ETF Trends
ETF Trends

The Energy Select Sector SPDR (NYSEArca: XLE), the largest equity-based energy ETF, is up more than 3% over the past week and close to 9% this month, but investors may need more convincing regarding the energy sector.

The third quarter is historically unkind to the energy sector, arguably making the group’s recent strength all the more impressive. Rivals to XLE include the Vanguard Energy ETF (NYSEArca: VDE), iShares U.S. Energy ETF (NYSEArca: IYE) and the Fidelity MSCI Energy Index ETF (NYSEArca: FENY).

Current OPEC compliance with production cut plans remains above their historical average, and it usually takes between two to three quarters for inventories to normalize after the cuts. The challenge for energy equities is that some oil market observers see more declines coming for crude. Oil traders are concerned over how fast U.S. shale oil producers will increase production to capture the rising prices.

“Here’s the story this time: Oil supply is tightening. OPEC compliance with production levels has increased. The shale guys have increased activity, but not as much as some feared, and demand numbers have been steadily on the increase,” reports CNBC.

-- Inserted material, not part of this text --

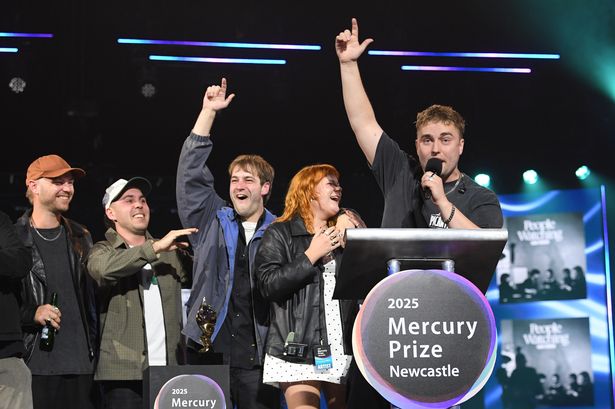 Mercury prize winner Sam Fender gifts entire £25k award to Music Venue Trust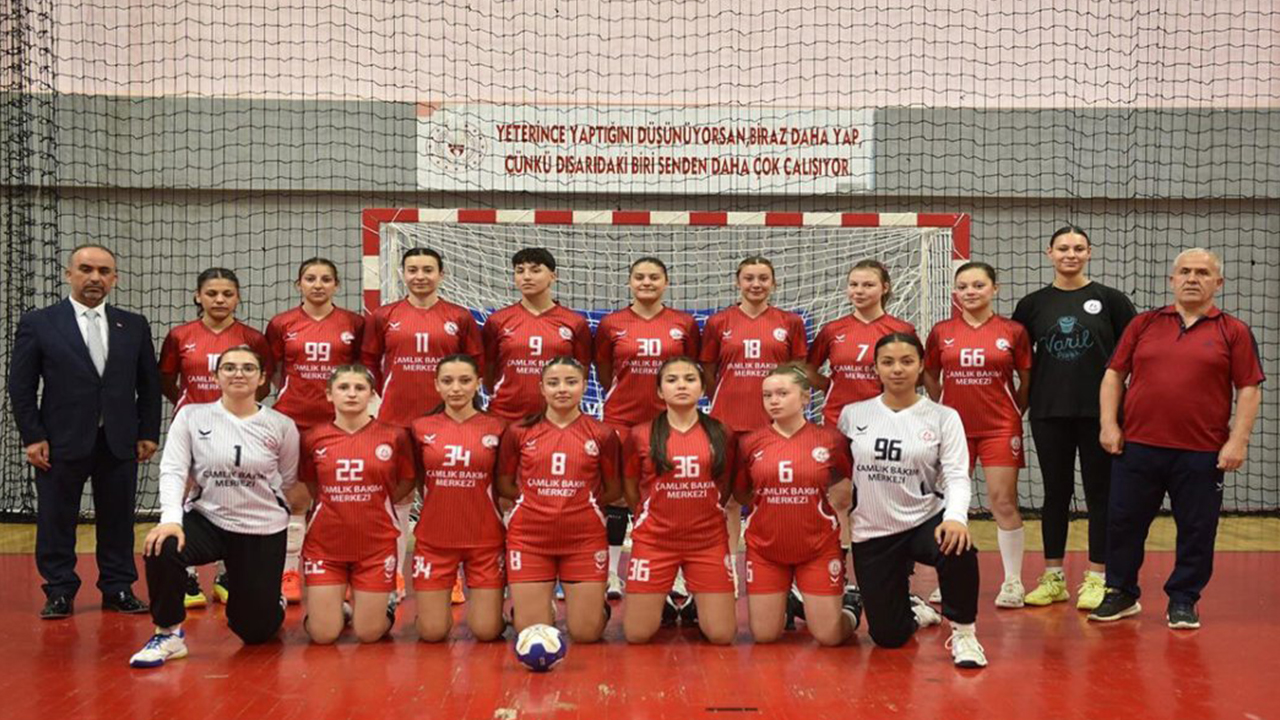 Yozgat’ın Kızları Sahaya Çıkıyor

Obviously, production is a key element in the decision-making process regarding energy investments. Currently, oil investors face conflicting reports regarding output. For example, Venezuela’s crude output is plunging to multi-year lows while Algeria is looking to boost production.

“The first big energy rally occurred at the election, when energy stocks climbed 10 percent into the first weeks of December. The sector was far better than the 5 percent rally in the S&P 500 at the time,” according to CNBC. “But oil stocks were already off their highs as we entered the new year. They dropped steadily for the first two months of the year and accelerated their decline when oil dropped below $50 in March. They fell 12 percent from their highs, giving back all their post-election gains. That was the first heartbreak.”

Related: Energy Sector ETFs Are Breaking Out

Currently, XLE resides less than 1% below its 200-day moving average. The ETF has not closed above its 200-day line since early April, indicating that if the fund conquers that moving average soon, it could be harbinger of more near-term upside.

Since the start of the third quarter, investors have pulled $165.5 million from XLE.